## Input data:
╭──
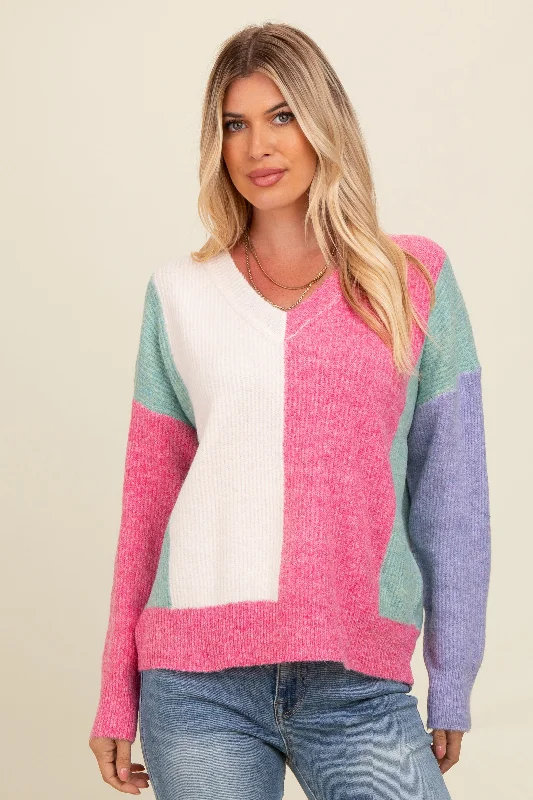 Party - Wear Sweaters for Special Occasion -Pink Fuzzy Knit Colorblock Sweater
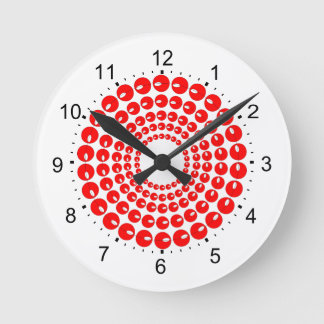 Redondo Mediano Reloj - Círculos concéntricos rojos de cuentas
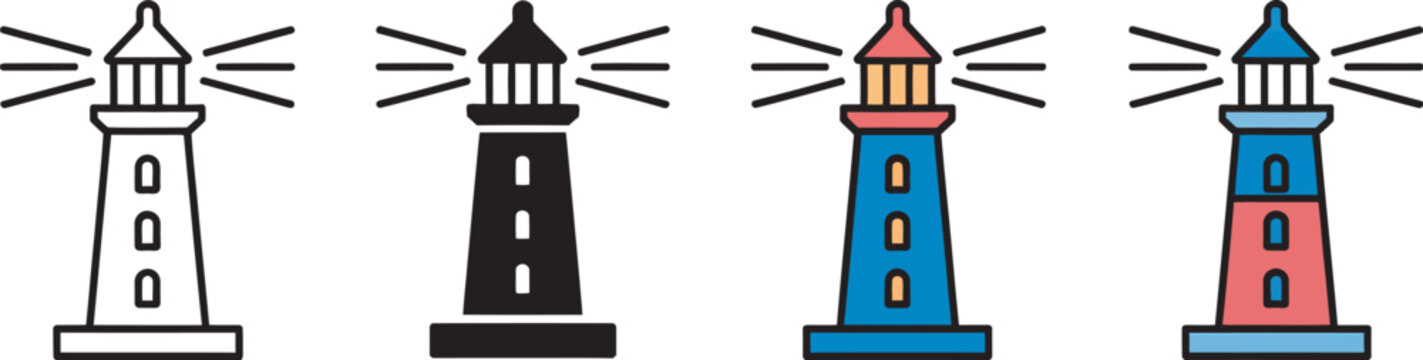 Lighthouse icon vector set lighthouse icon vector set for maritime navigation and coastal safety concepts featuring beacon towers, guiding lights and ocean travel symbols.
╰──
Text only, please: give the listing again word for word with no images.

## The completed task:
 Party - Wear Sweaters for Special Occasion -Pink Fuzzy Knit Colorblock Sweater
 Redondo Mediano Reloj - Círculos concéntricos rojos de cuentas
 Lighthouse icon vector set lighthouse icon vector set for maritime navigation and coastal safety concepts featuring beacon towers, guiding lights and ocean travel symbols.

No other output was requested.